Зато после этого скандального разговора мне не пришлось впрямую отказывать Хорти, давно уже вынашивавшего идею освободиться от Бардоши (что в марте 1942 года и произошло) и предложить немцам в качестве преемника, среди прочих, мою кандидатуру. Понятно, что после этого ужина я стал персоной нон грата.
В 1942 году после позорных событий в Новисаде (устроенной там венграми резни) я встретился с Хорти.
— Как жаль, что как участник Первой мировой я не имею титула витязя, — сказал я ему.
— За чем дело? Еще не поздно… — Он явно не понимает, о чем я.
— Нет, нет, уже поздно. Будь я витязем до Новисада, я от этого титула отказался бы. Теперь в лучшем случае мне остается не просить его. — Так оно и случилось, я никогда не просил положенную мне награду, да и обстоятельства изменились.
Итальянская капитуляция, после падения Муссолини (1943) я у Хорти. Один из партнеров покинул союз. Покинем и мы. Привел в пример прусского генерала Йорка, вопреки воле своего короля заключившего с русскими в Тауроггене конвенцию (война с Наполеоном, 1912 год). Он полностью согласился. Особенно его взволновал Таурогген, и он дважды просил меня рассказать подробности этой истории, а потом, рассыпаясь в благодарностях, проводил до двери, что было совершенно излишним. Позднее я узнал, что еще до меня в аналогичном духе с ним говорил бывший премьер-министр Бетлен и регент ему обещал все обдумать. (Писал Бетлен и премьеру Каллаи.) Короче, я снова вернулся домой успокоенный и снова узнал по радио о прямо противоположных мерах: на Восточный фронт направляются новые дивизии.
В августе 1943 года Тильди, Пейер, Рашшаи и я обращаемся к Каллаи с предложением сделать Будапешт открытым городом. Разговор еще в самом разгаре, когда раздается рев сирены. Спускаемся в убежище премьер-министра. Верховное главнокомандование уже там. Почему-то удивлены нашим появлением. Успокаивают, что бомбят Винернойштадт. И я сразу успокаиваюсь: именно там работала санитаркой моя младшая сестра! [Восхитительная красавица, слепая тетя Мия!] Из открытого города ничего не вышло.

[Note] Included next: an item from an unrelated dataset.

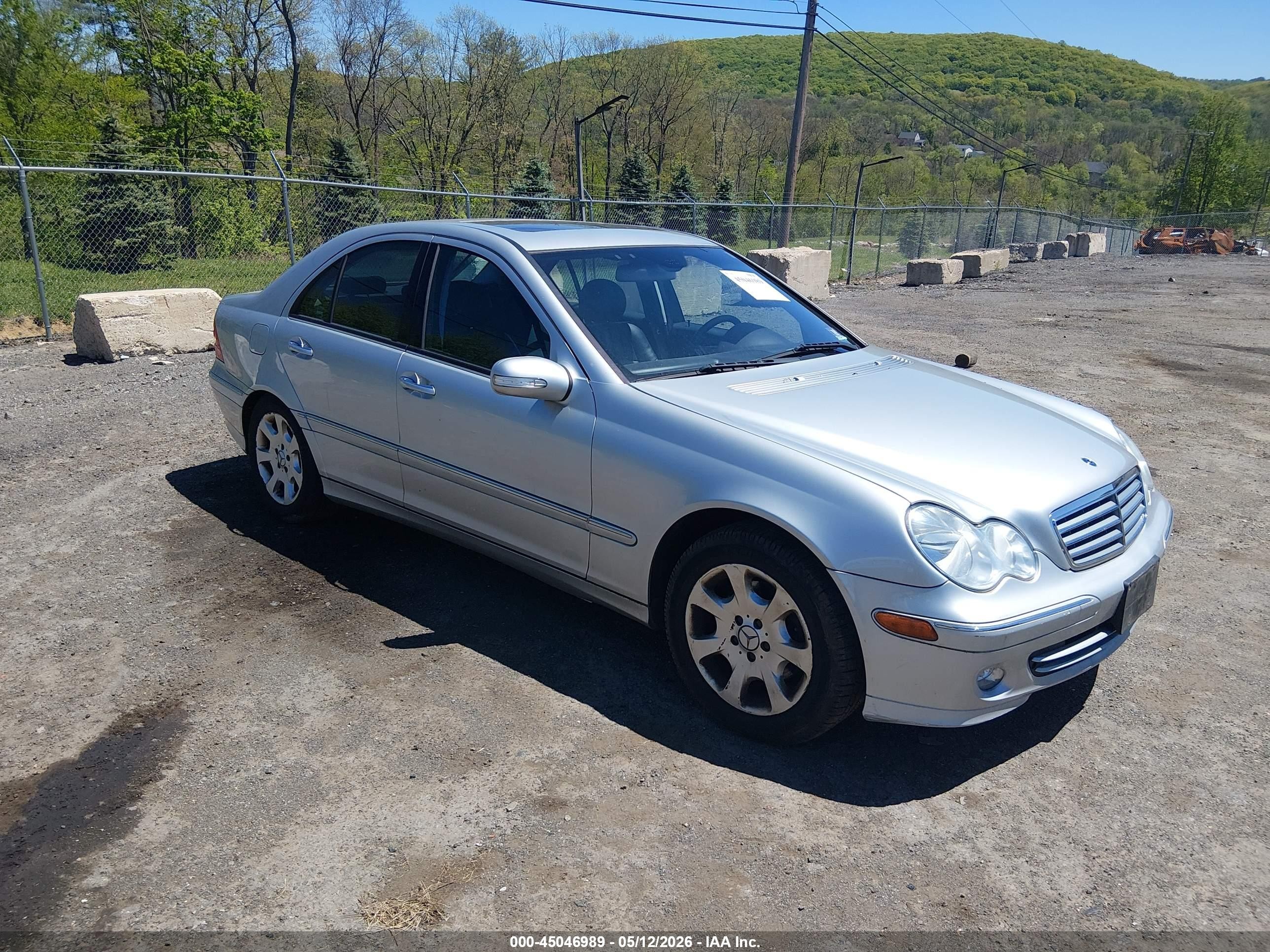 2005 Mercedes-benz C 240 Luxury 4matic Silver vin: WDBRF81J45F642896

Поскольку бомбежки Будапешта усиливались, дипломатам было предложено съехать на „запасные квартиры“. Мне досталась нунциатура, так что с марта 1944 года папский посланник Ротта жил у меня. Человек он был весьма богобоязненный; его благочестие, скажем так, на порядок превосходило его политические способности. А вот его секретарь Веролино — случай прямо противоположный. После длительных и тяжелых переговоров (давление помогали оказывать мой тесть и убитый позднее епископ Апор) Ротта, не в качестве папского нунция, а как глава, дуайен дипкорпуса, согласился ходатайствовать перед Хорти (который в то время уже неделями не показывался) и шведским королем, чтобы те потребовали от Гитлера прекратить депортацию евреев. В Будапеште депортация прекратилась.